Je me suis effectivement posé la question "Comment cela va-t-il se passer ? Vais-je tenir le coup ?" Je ne vous cacherai pas les difficultés de ce genre de métier et les coups de blues. Fort heureusement, j'ai un mari exceptionnel et je savais que lui, derrière, tenait la barre. Il y a eu des moments difficiles, du chagrin mais il faut repartir très rapidement.

J'ai pu exercer sereinement cette responsabilité, d'autant que je faisais pleinement confiance à mon mari et à sa façon de s'occuper des enfants. Cela se passait très bien pour eux. J'étais totalement rassurée et pouvait ainsi exercer mon métier et être pleinement dans les décisions que je devais prendre. J'ai un avantage considérable, mon mari est également marin.

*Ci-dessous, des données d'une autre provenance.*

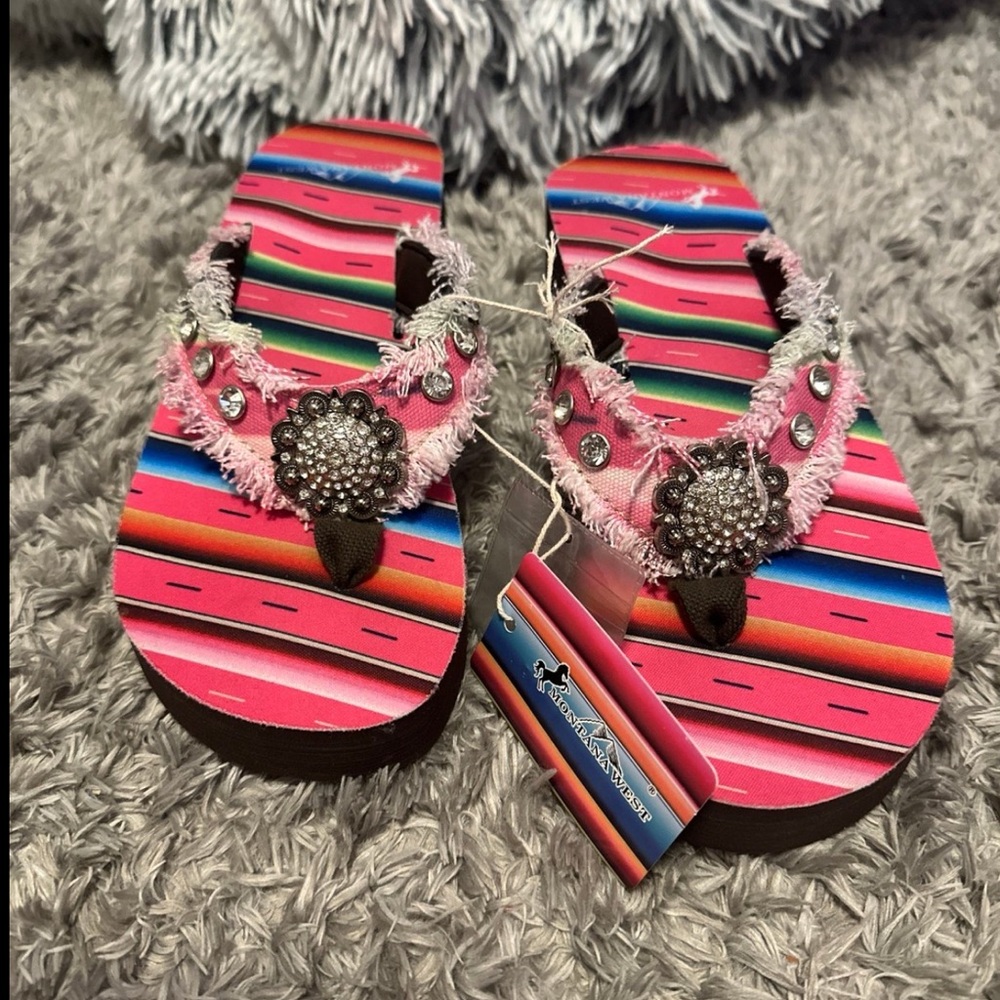 Montana west flip-flops sandals 6.5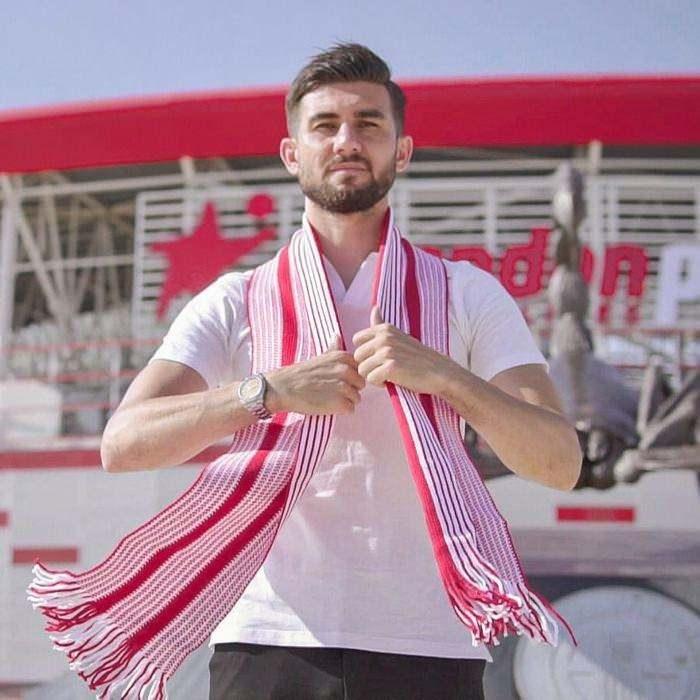 <p>Soner Aydoğdu</p>

<p>Göztepe -> Antalyaspor</p>

<p>Bonservis: Bedelsiz</p>
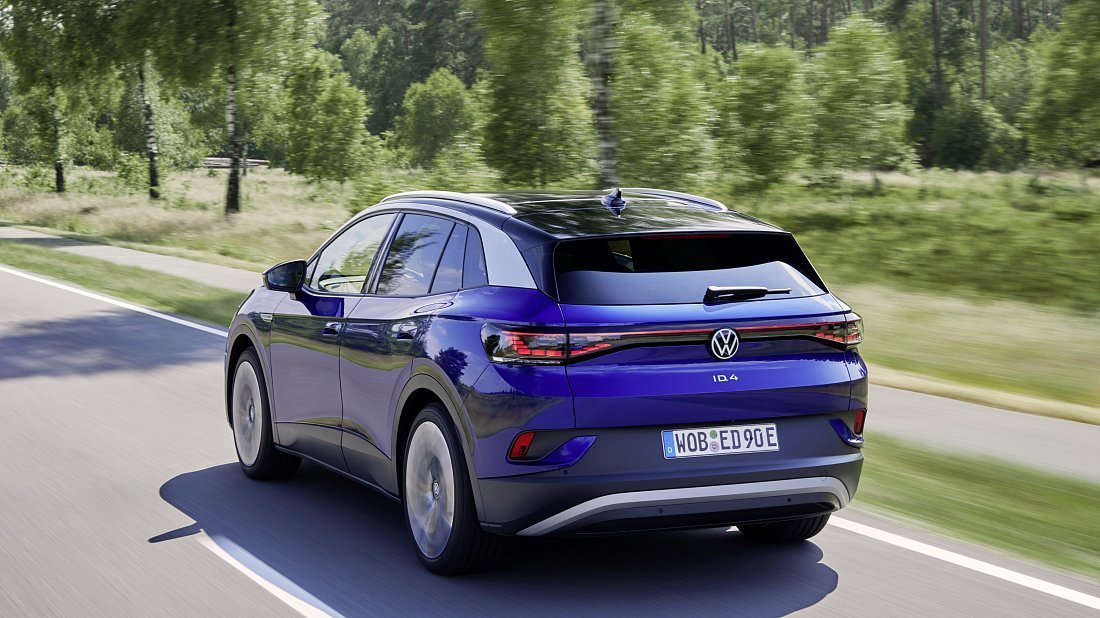 Volkswagen ID.4 Pro 4MOTION (2022-2023) rear view, taillights, trunk, spoiler, badge, bumper, exterior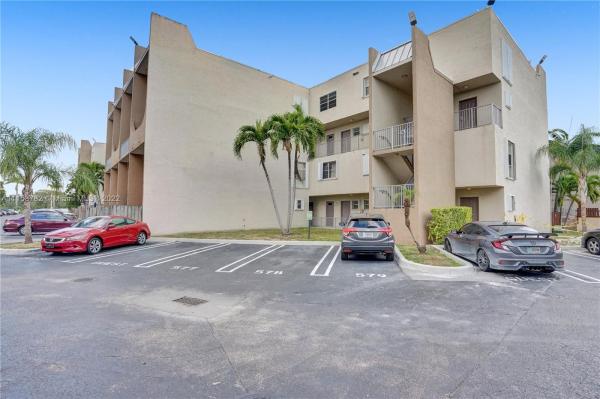 The Berkeley, 10900 SW 104th St #105, Kendall, Florida 33176, image 2
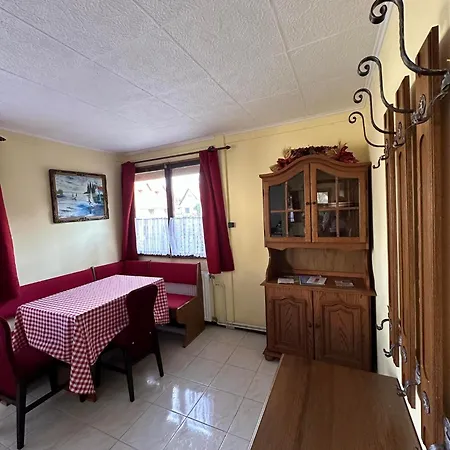 Tilumina Vendeghazak -timea Vendeghaz Holiday home *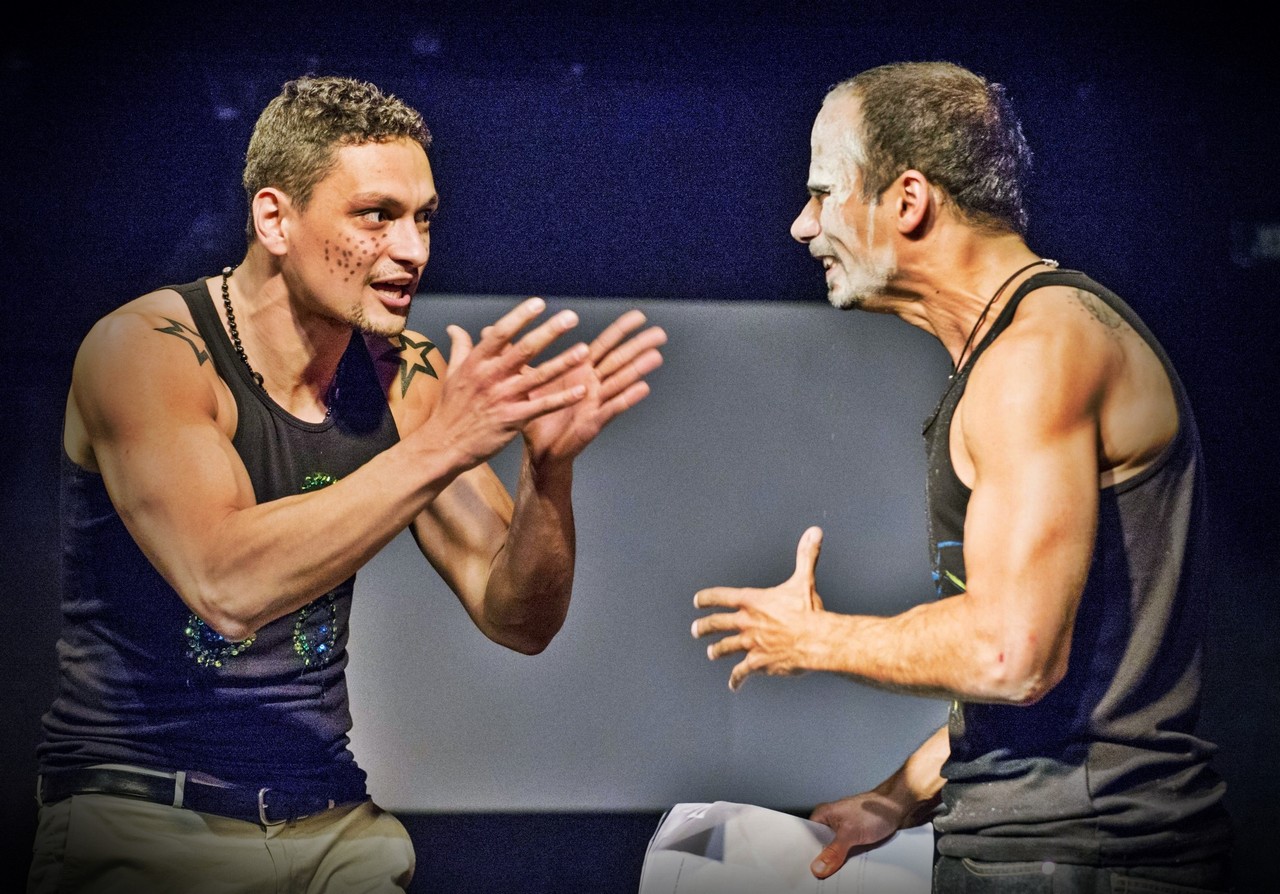 Aktorzy w spektaklu &bdquo;Czekając na Otella&rdquo;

Du coup il connaît le milieu dans lequel je vis, il comprend que les communications soient coupées en fonction des opérations en cours. Toutefois nous arrivons à avoir des échanges fréquents avec la famille, ainsi la distance, l'absence sont un peu moins lourdes à porter.

Alors suis-je un commandant particulier en étant une femme ? Certains vous diront oui, personnellement je ne le pense pas. Il y a des valeurs de rigueur, de bienveillance que je pense très importantes pour un chef et je ne pense pas que ce soit le propre d'un officier féminin. Je le trouve aussi chez les hommes. Chez certains d’entre eux tout comme chez certaines femmes, cela peut faire défaut.

Pour moi, plus qu'une affaire de genre, le commandement, l'autorité sont avant tout une affaire de personnalité, d'exemplarité et d'envie. Ce qui est motivant dans ce métier, c'est l'envie de fédérer les énergies, chacun est essentiel au succès de la mission. Je ne peux rien faire s'il ne se crée pas une confiance avec chaque membre de l'équipage et ce n'est pas en leur faisant peur que je peux les faire obéir, c'est en suscitant l'adhésion, en fédérant les énergies. J'essaie d'être droite, quelquefois cela suppose d'être dure. En tous cas, j'essaie d'être juste et je pense que les gens le reconnaissent.

Je reviens sur la question de bousculer les préjugés. Je vous ai dit que l'équipage dans la marine est une chose primordiale. Chacun de nous appartient à une institution qui fonctionne justement parce qu'elle dépasse les préjugés, elle fait confiance aux femmes pour commander. C'est un milieu auquel les femmes ne pensent généralement pas, elles y ont les mêmes opportunités que les hommes.

Nous dépassons nos préjugés vis à vis des membres d'équipage, ils sont là, juste à côté et on se fait confiance. Finalement dépasser ses préjugés conduit à se dépasser soi-même et à faire en sorte que l'équipage se dépasse vraiment également.